On Wednesday, the panel resolved the standoff by unanimously agreeing to suspend, rather than completely drop, the investigation into the 42 cases. The approach leaves open the door for the cases to be reconsidered if a future truth commission is established. The panel also agreed to suspend investigations into the remaining 269 cases, citing insufficient time to complete the reviews before the deadline, according to three commission sources who described the discussions to the Associated Press.
No further investigations into adoptions for now
It was unclear if and when another commission will be established . Political attention is now focused on the early presidential election. South Korea’s constitutional Court formally removed Yoon from office on April 4, months after the opposition-controlled legislature impeached him over his brief imposition of martial law in December. The ruling triggered a snap presidential election set for June 3. Park Geon Tae, a senior investigator who led the probe into adoptions, said the truth commission would be unable to produce any further investigation reports on adoptions before the end of its mandate, after the terms of five of the nine commissioners ended following Wednesday’s meeting. This potentially paralyzes the decision-making process, which requires the support of at least five members. Most Korean adoptees were registered by agencies as abandoned orphans, even though many had relatives who could have been easily identified or located. This practice has often made it difficult—or even impossible—for them to trace their roots.

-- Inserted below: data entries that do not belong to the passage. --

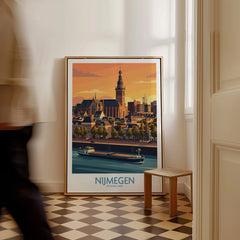 Framed Nijmegen Netherlands travel poster with city skyline leaning on floor, man walking past.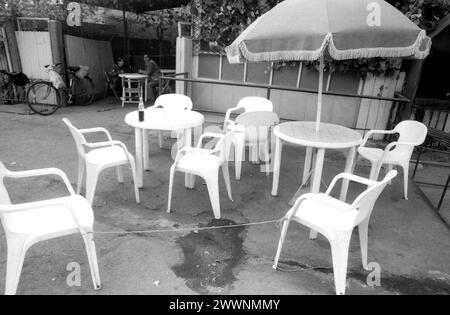 Buzau County, Rumänien, 1990. Wenige Monate nach dem Niedergang des Kommunismus tauchen überall kleine private Cafés und Bars auf. In diesem Bild die Terrasse eines Unternehmens in einem Dorf, mit Stühlen, die mit Seilen gebunden sind, um Diebstahl zu verhindern. Stockfoto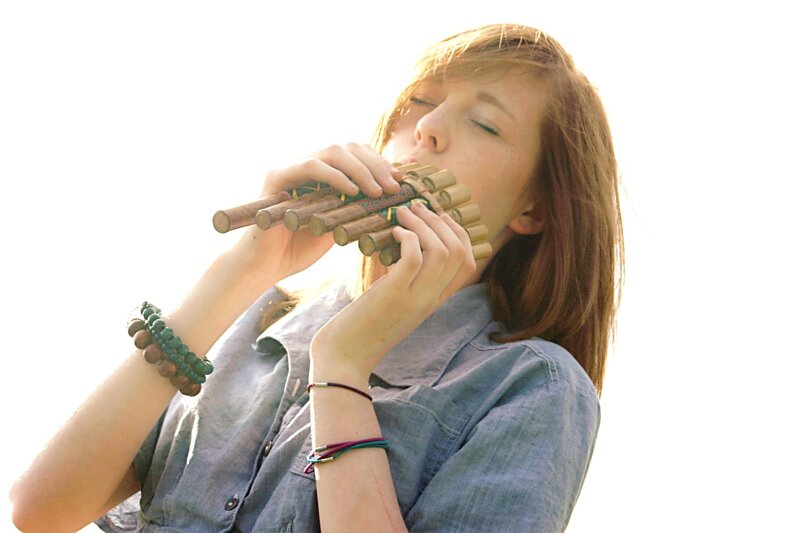 woman playing pan flute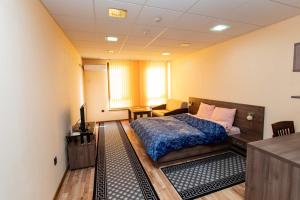 Postel nebo postele na pokoji v ubytování Стая за гости Пентагона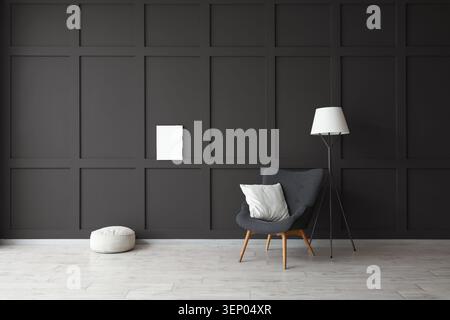 Modern minimalist living room interior with dark gray wall paneling, armchair, floor lamp, and light wood flooring Stock Photo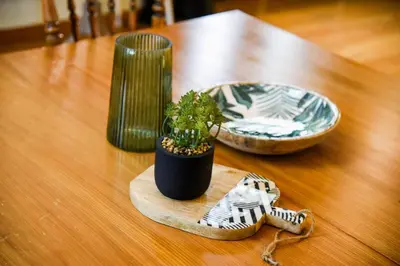 a wooden table with a potted plant and a plate at Neoclassical Athens Residence in Athens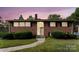Brick ranch house with landscaped yard and walkway at 3327 Deerwood Dr, Gastonia, NC 28054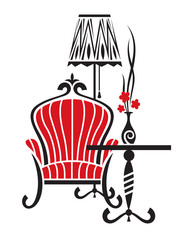 armchair with table and floor lamp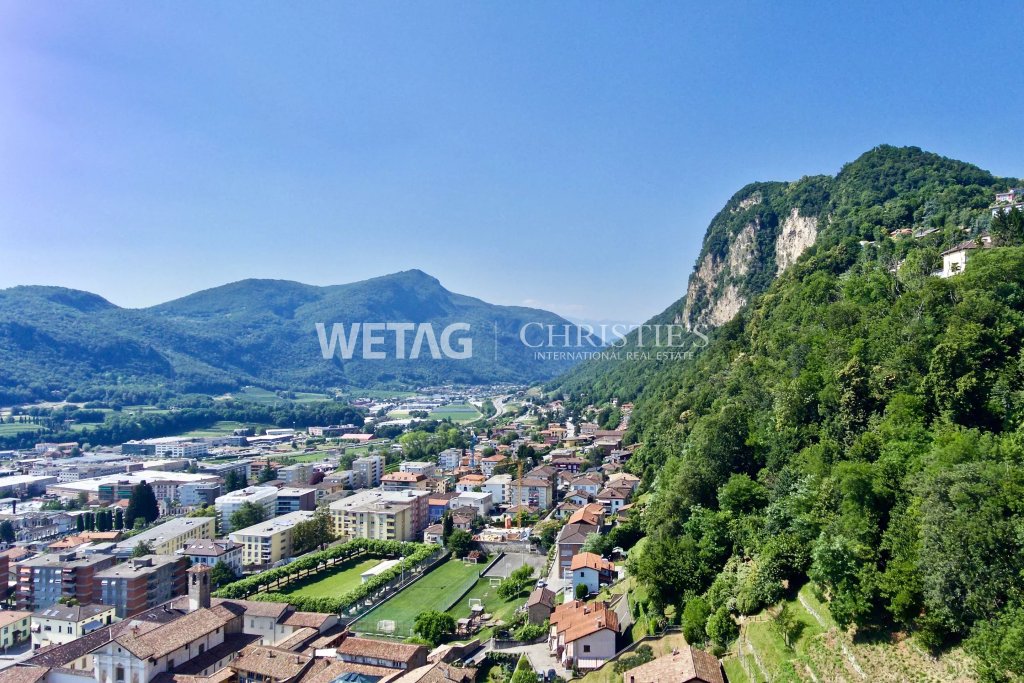 Panoramablick über eine Stadt im Tal mit Bergen und Felswand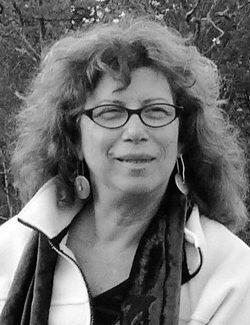 Retrato em preto e branco de Lícia. Ela aparece do busto para cima, com o rosto levemente voltado para a direita. Tem pele clara, cabelos longos, volumosos e ondulados, na altura dos ombros. Usa óculos de armação escura, brincos grandes com pingentes redondos, um casaco claro sobre blusa escura e uma echarpe escura por cima.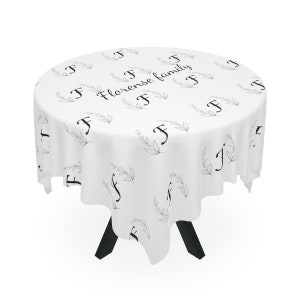 Puede incluir: Mantel blanco redondo con un patrón floral negro y el texto "Florence family" en una fuente cursiva.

The reluctance of some commissioners to accept cases in which adoptees have been unable to find information about their birth parents reflects a lack of understanding of the systemic problems in adoption and contradicts the commission’s broader findings, which acknowledged the manipulation of children’s origins, said Philsik Shin, a scholar at South Korea’s Anyang University. Shin’s analysis of government, law enforcement, and adoption records concludes that more than 90% of Korean children sent to the West between 1980 and 1987, when adoptions peaked, almost certainly had known relatives.
The commission's findings released in March broadly aligned with previous reporting by The Associated Press. The AP investigations, which were also documented by Frontline (PBS), detailed how South Korea's government, Western countries and adoption agencies worked in tandem to supply some 200,000 Korean children to parents overseas, despite years of evidence that many were being procured through questionable or outright unscrupulous means.
Military governments implemented special laws aimed at promoting foreign adoptions, removing judicial oversight and granting vast powers to private agencies, which bypassed proper child relinquishment practices while shipping thousands of children to the West every year. Western nations ignored these problems and sometimes pressured South Korea to keep the kids coming as they focused on satisfying their huge domestic demands for babies.
South Korea’s government has never acknowledged direct responsibility for issues related to past adoptions and has so far not responded to the commission’s recommendation to issue an official apology.
Korean efforts to investigate past human rights violations
Modeled after the South African commission established in the 1990s to expose apartheid-era injustices, South Korea originally launched the Truth and Reconciliation Commission in 2006 to investigate past human rights violations. That ended its work in 2010.
Following the passing of a law that allowed for more investigations, the commission was relaunched in December 2020 under South Korea's former liberal government, with a focus on cases that occurred during the country's military dictatorships from the 1960s to 1980s.
Foreign adoptions were a major subject of the second commission, along with the atrocities at Brothers Home, a government-funded facility in Busan that kidnapped, abused and enslaved thousands of children and adults deemed as vagrants for decades until the 1980s.
In January, the commission confirmed at least 31 cases in which children from Brothers Home were adopted abroad, which came years after The AP exposed adoptions from the facility as part of a vast, profit-driven operation.